- PROVIDED ENTRIES:
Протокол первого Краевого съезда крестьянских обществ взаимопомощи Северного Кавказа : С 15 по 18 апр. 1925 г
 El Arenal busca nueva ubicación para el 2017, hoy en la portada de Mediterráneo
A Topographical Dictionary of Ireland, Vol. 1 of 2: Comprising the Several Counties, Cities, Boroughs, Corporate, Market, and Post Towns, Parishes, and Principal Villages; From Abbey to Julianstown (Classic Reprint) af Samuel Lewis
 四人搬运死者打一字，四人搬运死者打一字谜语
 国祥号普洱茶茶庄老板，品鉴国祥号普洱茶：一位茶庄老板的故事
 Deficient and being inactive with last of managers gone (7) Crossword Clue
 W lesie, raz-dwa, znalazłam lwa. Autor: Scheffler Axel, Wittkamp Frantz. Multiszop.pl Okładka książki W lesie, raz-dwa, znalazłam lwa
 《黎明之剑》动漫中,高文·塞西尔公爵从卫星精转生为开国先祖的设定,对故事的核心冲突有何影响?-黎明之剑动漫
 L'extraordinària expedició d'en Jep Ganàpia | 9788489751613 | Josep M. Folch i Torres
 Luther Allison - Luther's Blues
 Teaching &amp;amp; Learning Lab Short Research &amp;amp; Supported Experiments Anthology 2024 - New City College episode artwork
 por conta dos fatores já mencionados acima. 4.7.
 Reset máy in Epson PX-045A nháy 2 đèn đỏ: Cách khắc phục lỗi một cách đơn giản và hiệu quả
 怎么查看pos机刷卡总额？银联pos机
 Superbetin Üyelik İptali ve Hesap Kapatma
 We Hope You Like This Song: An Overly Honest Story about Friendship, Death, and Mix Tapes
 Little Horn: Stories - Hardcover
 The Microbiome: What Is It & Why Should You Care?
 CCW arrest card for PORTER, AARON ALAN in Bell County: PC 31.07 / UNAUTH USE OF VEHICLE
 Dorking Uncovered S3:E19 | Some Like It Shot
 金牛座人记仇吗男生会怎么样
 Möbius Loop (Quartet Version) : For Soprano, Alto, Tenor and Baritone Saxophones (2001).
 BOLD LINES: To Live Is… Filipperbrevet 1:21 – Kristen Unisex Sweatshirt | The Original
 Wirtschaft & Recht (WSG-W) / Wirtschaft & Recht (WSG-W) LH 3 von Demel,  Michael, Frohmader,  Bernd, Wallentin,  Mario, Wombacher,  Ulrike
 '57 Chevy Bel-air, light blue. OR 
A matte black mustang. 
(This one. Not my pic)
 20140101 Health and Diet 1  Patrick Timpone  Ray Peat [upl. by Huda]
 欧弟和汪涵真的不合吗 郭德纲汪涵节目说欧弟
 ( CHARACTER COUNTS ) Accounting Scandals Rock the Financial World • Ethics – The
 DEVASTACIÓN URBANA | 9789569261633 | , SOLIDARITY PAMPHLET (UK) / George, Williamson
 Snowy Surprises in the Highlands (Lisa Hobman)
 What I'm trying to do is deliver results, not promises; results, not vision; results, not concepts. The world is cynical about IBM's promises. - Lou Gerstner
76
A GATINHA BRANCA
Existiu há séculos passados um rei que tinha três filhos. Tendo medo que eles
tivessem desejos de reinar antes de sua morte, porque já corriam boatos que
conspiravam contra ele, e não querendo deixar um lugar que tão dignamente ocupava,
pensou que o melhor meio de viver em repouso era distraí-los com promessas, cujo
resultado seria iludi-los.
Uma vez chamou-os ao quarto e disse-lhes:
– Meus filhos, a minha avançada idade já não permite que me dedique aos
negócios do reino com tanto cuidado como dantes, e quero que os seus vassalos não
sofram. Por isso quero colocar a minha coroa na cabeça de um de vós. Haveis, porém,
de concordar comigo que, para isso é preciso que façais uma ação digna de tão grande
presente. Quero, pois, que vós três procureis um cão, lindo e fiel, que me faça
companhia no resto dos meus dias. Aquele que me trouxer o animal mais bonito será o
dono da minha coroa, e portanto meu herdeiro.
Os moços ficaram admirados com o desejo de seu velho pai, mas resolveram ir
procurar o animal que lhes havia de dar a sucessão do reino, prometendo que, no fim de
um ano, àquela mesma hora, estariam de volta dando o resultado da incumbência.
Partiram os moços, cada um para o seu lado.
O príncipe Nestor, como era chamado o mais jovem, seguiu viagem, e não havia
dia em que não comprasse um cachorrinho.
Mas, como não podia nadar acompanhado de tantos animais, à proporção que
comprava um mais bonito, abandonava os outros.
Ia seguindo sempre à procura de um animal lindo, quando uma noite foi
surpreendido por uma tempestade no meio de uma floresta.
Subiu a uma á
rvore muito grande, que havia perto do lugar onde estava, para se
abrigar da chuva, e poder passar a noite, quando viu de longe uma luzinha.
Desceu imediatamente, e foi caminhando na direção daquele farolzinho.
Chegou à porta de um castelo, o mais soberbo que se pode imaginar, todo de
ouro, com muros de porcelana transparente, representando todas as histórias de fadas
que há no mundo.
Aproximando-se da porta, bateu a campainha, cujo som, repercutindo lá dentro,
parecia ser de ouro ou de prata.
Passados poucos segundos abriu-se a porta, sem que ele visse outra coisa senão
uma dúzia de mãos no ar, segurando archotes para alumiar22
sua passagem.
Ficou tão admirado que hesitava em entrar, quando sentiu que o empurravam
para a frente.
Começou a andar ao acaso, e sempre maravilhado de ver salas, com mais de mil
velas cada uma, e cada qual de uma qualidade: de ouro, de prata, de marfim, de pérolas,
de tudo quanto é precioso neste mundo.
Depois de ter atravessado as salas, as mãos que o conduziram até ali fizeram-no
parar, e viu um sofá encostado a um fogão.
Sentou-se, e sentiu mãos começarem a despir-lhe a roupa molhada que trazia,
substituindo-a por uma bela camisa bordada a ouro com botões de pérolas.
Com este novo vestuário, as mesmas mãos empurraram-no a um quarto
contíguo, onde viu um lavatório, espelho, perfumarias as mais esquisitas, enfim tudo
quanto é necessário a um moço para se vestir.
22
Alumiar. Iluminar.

- EXERCISE INSTRUCTIONS: Which lines of the listing contain the word "havia"? Copy each of them.

- SOLUTION TO THIS PROBLEM:
procurar o animal que lhes havia de dar a sucessão do reino, prometendo que, no fim de
O príncipe Nestor, como era chamado o mais jovem, seguiu viagem, e não havia
rvore muito grande, que havia perto do lugar onde estava, para se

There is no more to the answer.